Magazine Lunedì 3 luglio 2006

Madri assassine

Adriana Pannitteri, in Madri assassine. Diario da Castiglione delle Stiviere, realizza un reportage unico all’interno della follia delle madri che uccidono i figli e lo fa senza ricorrere a luoghi comuni e frasi fatte, ma conducendo - da buona giornalista - un’analisi serrata sul campo.
Un bel diario di viaggio nel buio e nei misteri della mente umana che si interseca con una storia di fantasia raccontata in terza persona e che ha per protagonista Maria Grazia, una bambina che ha avuto una mamma malata di depressione.

L’autrice ci ricorda che le mamme assassine sono molte di più di quanto si creda e forse il delitto della madre che uccide il figlio nei primi anni di età è da sempre il delitto più comune. Difficile stabilire i motivi, ma il fatto è che nell’ospedale psichiatrico di Castiglion delle Stiviere, l’unico italiano con una sezione femminile, sono molte le mamme assassine. Le mamme che uccidono di solito lo fanno nei primi anni di vita del bambino, anzi il periodo a rischio è proprio durante i primi mesi. Se è la madre a colpire lo fa nei primi otto anni di vita del bambino, quando invece uccide il padre può ammazzare anche figli adulti.

Tra le ospiti obbligate della struttura di Castiglion delle Stiviere, che pare più un carcere di un ospedale psichiatrico, ci sono molte mamme assassine. Maria Patrizio, la madre brianzola che nel maggio 2005 ha affogato il figlio Mirko nella vasca da bagno, Olga C. che nel 2002 ha affogato due figli in un laghetto, Fatima F. e Maria E. che hanno ucciso nel 2001 le figlie dopo averle nel primo caso strangolate e nel secondo soffocate.
I casi sono molti e di vario tipo, pure se da un punto di vista psicologico non è importante la modalità dell’omicidio. Di solito si tratta di una malattia da curare e di un comportamento antisociale che si ritorce contro quanto di più caro ha una madre al mondo: suo figlio.

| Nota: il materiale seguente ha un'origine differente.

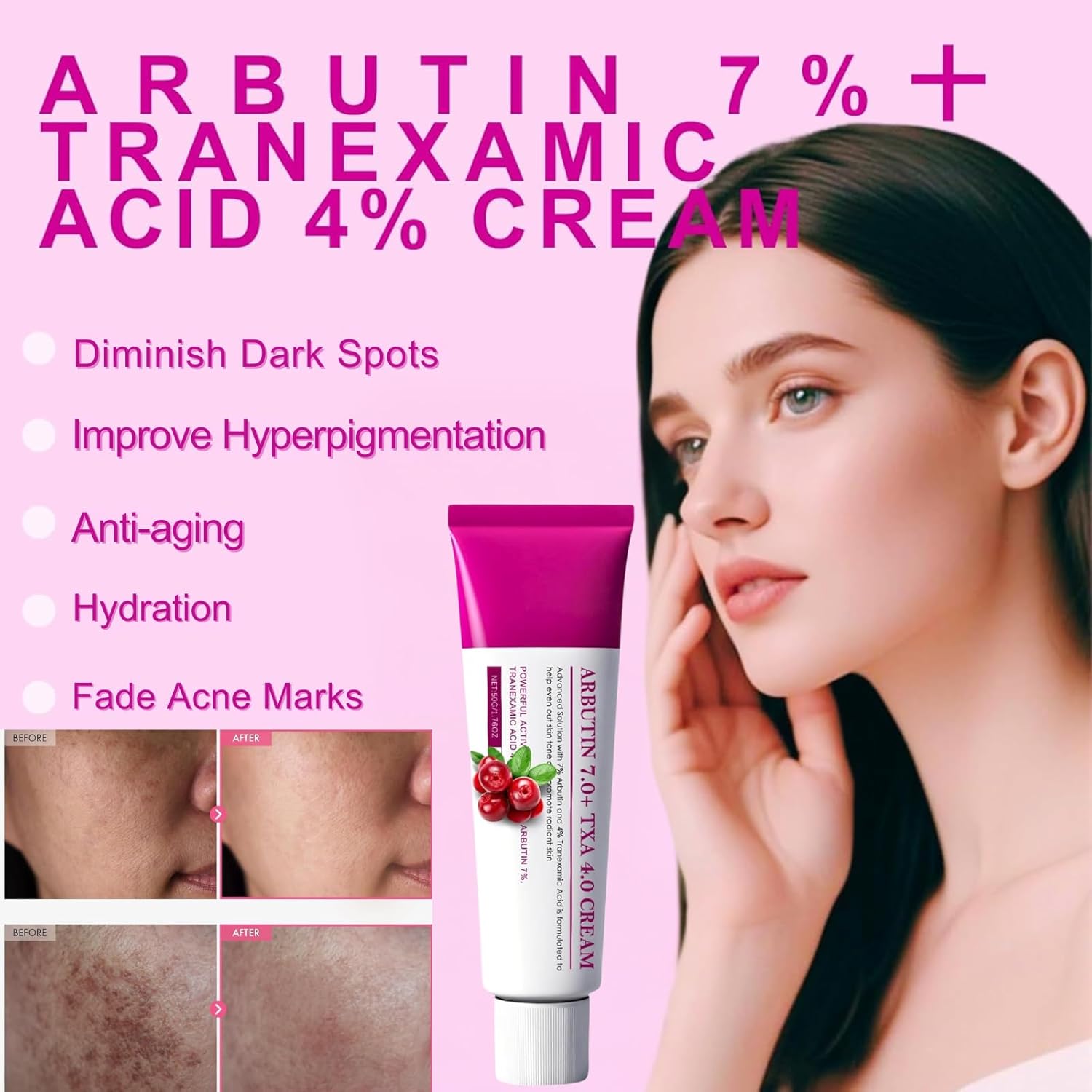 2PCS Arbutin 7% + Tranexamic Acid 4% Cream, Dark Spot Remover for Face Hyperpigmentation, Reduces Freckles & Blemishes,Even Skin Tone, Brightening Moisturiser with Glutathione & Niacinamide
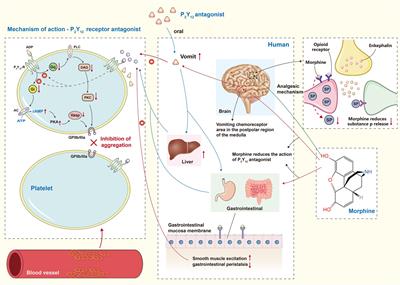 Analgesic drug use in patients with STEMI: Current perspectives and challenges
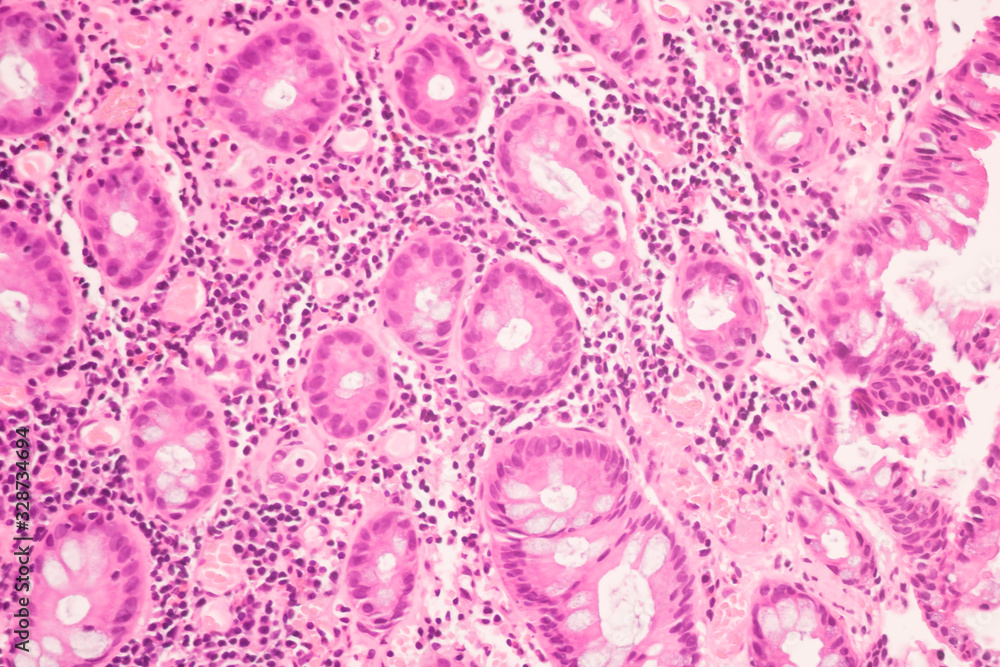 View in microscopic of ductal cell carcinoma, adenonocarcinoma from human breast cancer, tissue section by H and E stain.Pathology diagnosis.Medical concept. Under microscope, magnification 600X View in microscopic of ductal cell carcinoma, adenonocarcinoma from human breast cancer, tissue section by H and E stain.Pathology diagnosis.Medical concept. Under microscope, magnification 600X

Gli psichiatri parlano di due tipologie di delitto, una passiva e l’altra attiva, il lasciar cadere il figlio o il lottare con lui, il gettarlo dalla finestra o lo strangolarlo, soffocarlo. Persino uno psichiatra non comprende a fondo cosa passa per la mente sconvolta di una madre che stringe le sue mani al collo del suo bambino per strangolarlo o che avvolge su di lui una calza di nylon per ucciderlo. Filippo Nocini, l’unico psicologo di Castiglion delle Siviere, sostiene che tutto nasce da un buco aperto da un dolore intenso che esplode dopo anni di desideri infantili negati, frustrati da madri oppressive.

Questo dolore di fondo non sempre viene avvertito dalle madri che lo vivono e spesso sfocia in una forma di depressione molto vicina alla psicosi. La nascita del figlio è il detonatore della miscela esplosiva che cova nella mente malata della madre e la nascita del bambino si trasforma in un incubo. Le infanticide di solito raccontano il delitto dopo quattro o cinque mesi ed è importante che parlino e che si lascino andare. Sono loro le prime a non capire e a chiedersi come può essere successo, raccontano i dettagli come se a colpire fosse stato un altro. Piangono, si disperano, chiedono aiuto, tentano il suicidio, raccontano sempre dei loro figli uccisi, si chiedono se avrebbero potuto evitare quanto è accaduto. Le madri omicide che acquistano un po’ di autonomia escono al massimo dopo dieci anni, ma quando sono fuori niente è come prima. Madri assassine è un bel libro che fa pensare e a tratti commuove, un reportage realistico scritto in forma di romanzo che si legge in poco meno di un’ora. Non perdetelo.